SORTIR DE L’EURO SERAIT UNE FOLIE (1)

   Autant le dire tout de suite, le sujet abordé ici, l'abandon de l'Euro par la France, est austère voire ennuyeux. Mais c'est aussi le plus grave pour notre pays. Pour une lecture plus facile et une meilleure compréhension cette chronique est publiée en deux parties : les faux semblants puis les conséquences.
Les gagnants et les perdants
  L'euro est comme la France : on la critique mais on y reste. Sauf les riches. Beaucoup d'entre eux ont déjà mis leur fortune à l'abri dans des pays à monnaie solide et à fiscalité supportable. D'autres partiront les rejoindre avec leur patrimoine. Un retour au franc ne les gênerait pas. Ils seraient même gagnants.
 Le reste des français, moins nantis, sans patrimoine conséquent, sans possibilité d'émigrer, seraient quant à eux très fortement pénalisés.
 L'euro est comme la démocratie : en butte à toutes les critiques,  le pire des systèmes à l'exception de tous les autres.
La monnaie unique, source de tous nos maux ?
 Si la croissance est faible, c'est la faute à l'euro.
 Si le chômage explose, c'est la faute à l'euro.
 Si la dette nous étouffe, c'est la faute à l'euro.
 Les partis populistes, mais aussi les partis au pouvoir qui commettent la grave faute de camoufler leurs propres incompétences en se cachant derrière l'Europe, usent abondamment de ces arguments fallacieux pour abuser leurs concitoyens.
  La croissance serait donc plus faible en zone euro que dans les pays qui ont conservé leur propre monnaie ? Cela n'est pas si clair et encore moins significatif.
 La croissance de la zone euro (19 pays) a été en 2015 de 1,6% contre 1,8% dans l'ensemble de l'Europe (28 pays), et même sur une période plus longue (2012-2016) les 28 font également un peu mieux que la zone euro : 11% contre 10%. Ces moyennes cachent bien sûr des disparités. L'Europe a ses bons et ses mauvais élèves : l’Allemagne avec une croissance de 1,7% fait figure de champion au contraire de la France qui affiche une croissance médiocre de 1,1%. Hors zone euro, le Royaume Uni avec un PIB en hausse de 2,3% réalise un très bon score.
  Peu importe la monnaie, unique ou nationale, l'Allemagne et le Royaume Uni récoltent ici les fruits d'une décennie d'efforts d'ajustement sur les dépenses publiques, de modération salariale et de réformes structurelles.
Il faut donc avancer d'autres arguments.
  Les mesures d'austérité produiraient l'effet inverse à celui recherché : la baisse des dépenses entraînant une chute de l'activité qui briderait la croissance et créerait du chômage.
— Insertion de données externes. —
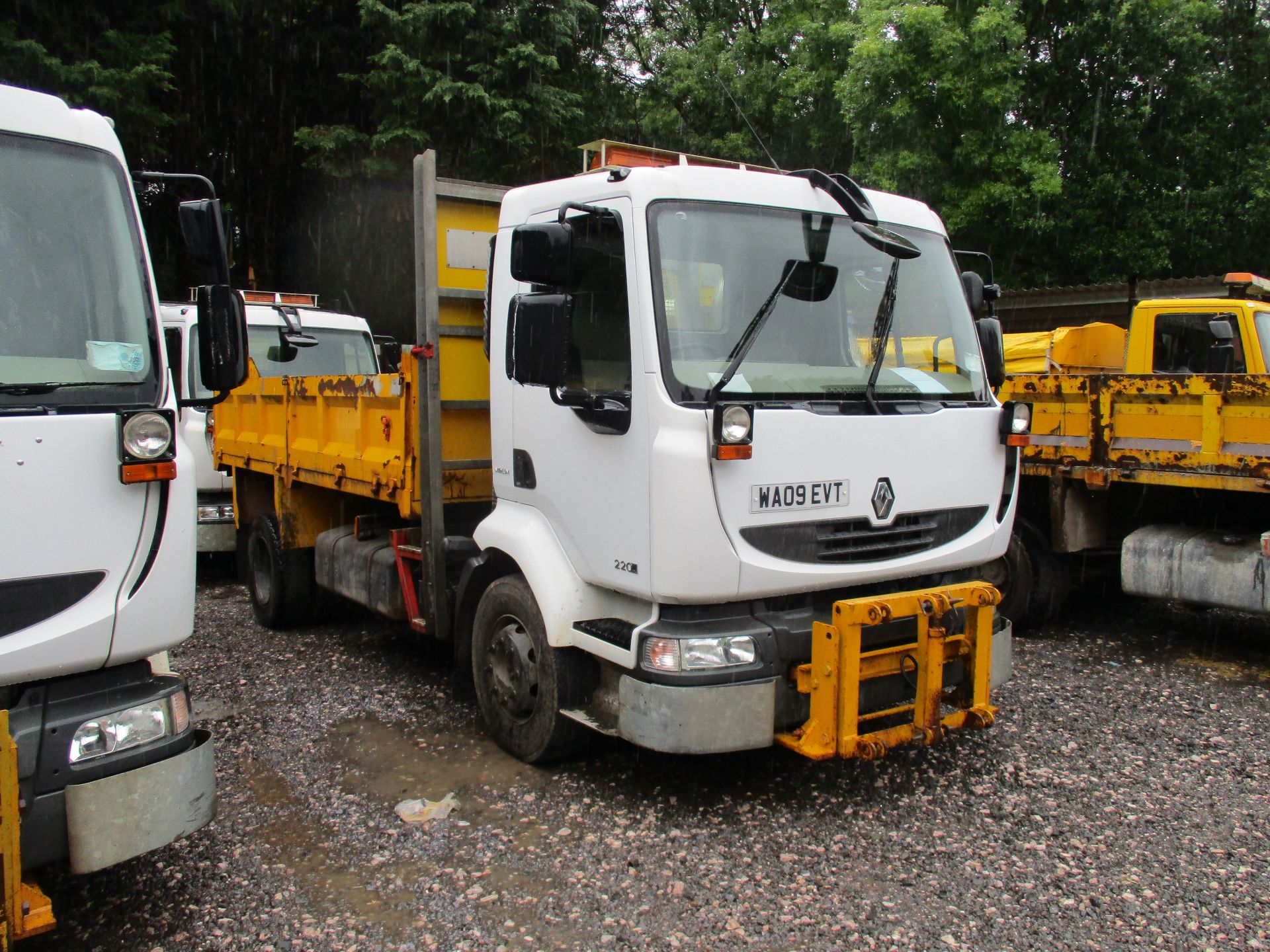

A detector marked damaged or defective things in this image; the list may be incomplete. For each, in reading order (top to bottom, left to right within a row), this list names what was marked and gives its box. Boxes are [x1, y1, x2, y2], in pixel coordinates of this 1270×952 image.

rusty metalwork [773, 579, 1000, 756]
rusty metalwork [1, 709, 54, 947]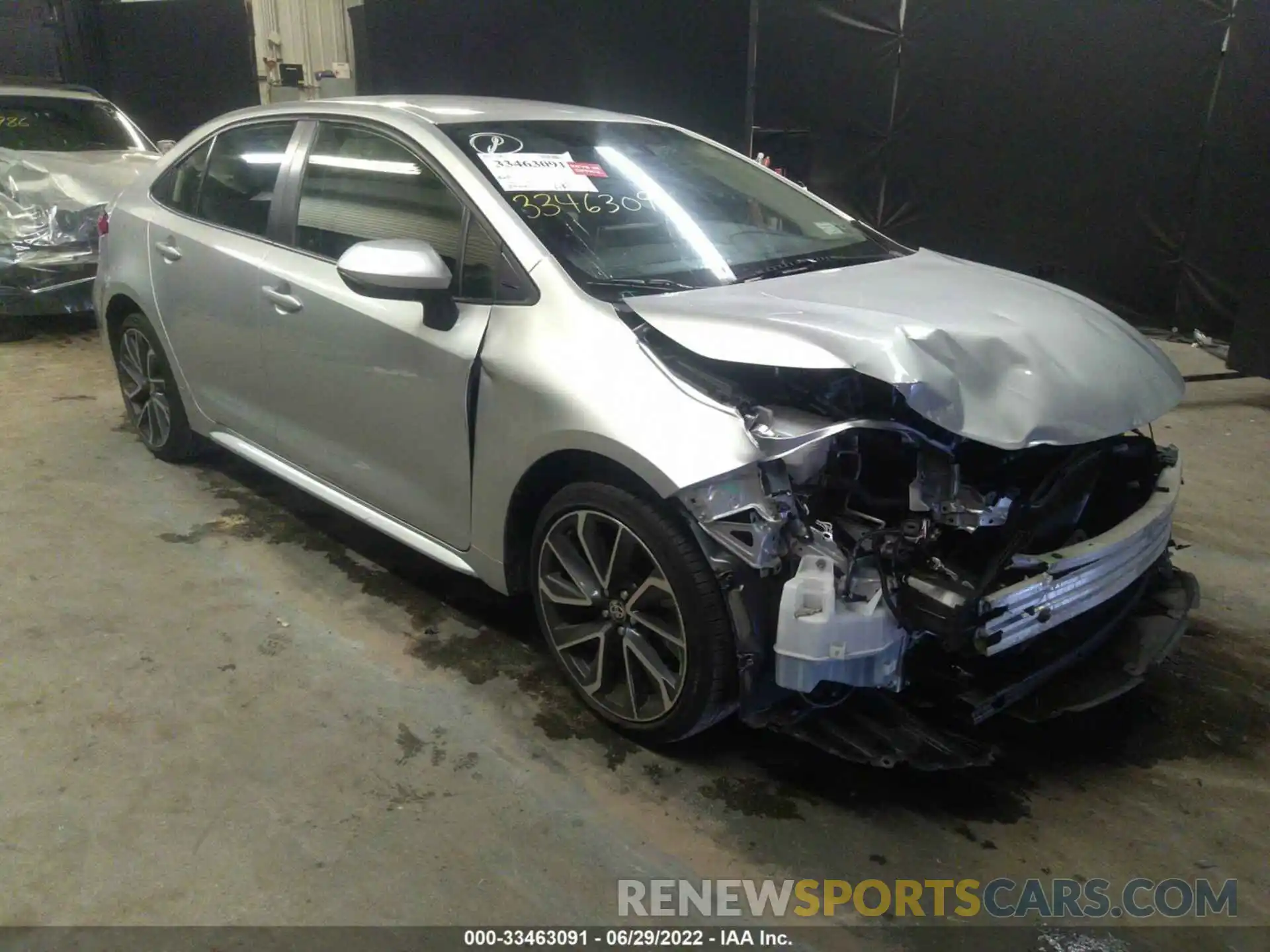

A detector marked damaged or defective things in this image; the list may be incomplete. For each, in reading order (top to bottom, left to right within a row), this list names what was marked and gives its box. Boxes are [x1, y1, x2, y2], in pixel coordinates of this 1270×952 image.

crumpled hood [1, 147, 159, 270]
crumpled hood [624, 249, 1180, 450]
front end damage [656, 331, 1201, 772]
  À l'appui de cette thèse, les publications de quelques économistes, du FMI notamment, qui considèrent, après avoir expliqué le contraire pendant 10 ans, qu'une réduction des dépenses budgétaires accroît les déficits au lieu de les réduire.
  Évidemment cette thèse ravit nos populistes, d'extrême gauche comme d'extrême droite, favorables à une sortie de l'euro. Mais nos experts ne disent pas exactement cela.
  En réalité, ils sont favorables à la réduction des déficits, à condition de respecter un bon timing. Il est contre productif de forcer sur les économies quand la conjoncture est récessive. Il faut donc faire des économies quand la croissance est suffisante.
  On voit bien, d’ailleurs, que s'il suffisait d'augmenter la dépense pour obtenir de la croissance et vaincre le chômage, la France qui consacre 57% de son PIB aux dépenses publiques (43% en Allemagne), serait championne d'Europe et le pays le plus prospère de la région.
Mais ce ne sont pas les avis, même judicieux, des économistes qui feront changer d'opinion ceux qui, par désespoir, sont séduits par ce message magique "quittons l'euro et tout ira mieux".
Retour au franc est plus compliqué qu’on ne l’imagine
  Une précision importante s'impose : sortir de la zone euro pour retrouver sa monnaie précédente ne peut pas se faire d'un claquement de doigts. Les traités ne prévoient pas de sortie de la zone euro. Pour cela, il faut sortir de l'Union Européenne ce qui entraîne indirectement un retrait de la zone euro. Il faut donc renoncer au beurre et à la crémière en même temps.
  Certains sont tentés : les anglais ont leur Brexit, faisons notre Frexit! Mais quitter la zone de libre-échange est tout aussi pénalisant que sortir de la zone euro. Il ne faut pas oublier que 55% des exportations françaises se font vers l'Union Européenne.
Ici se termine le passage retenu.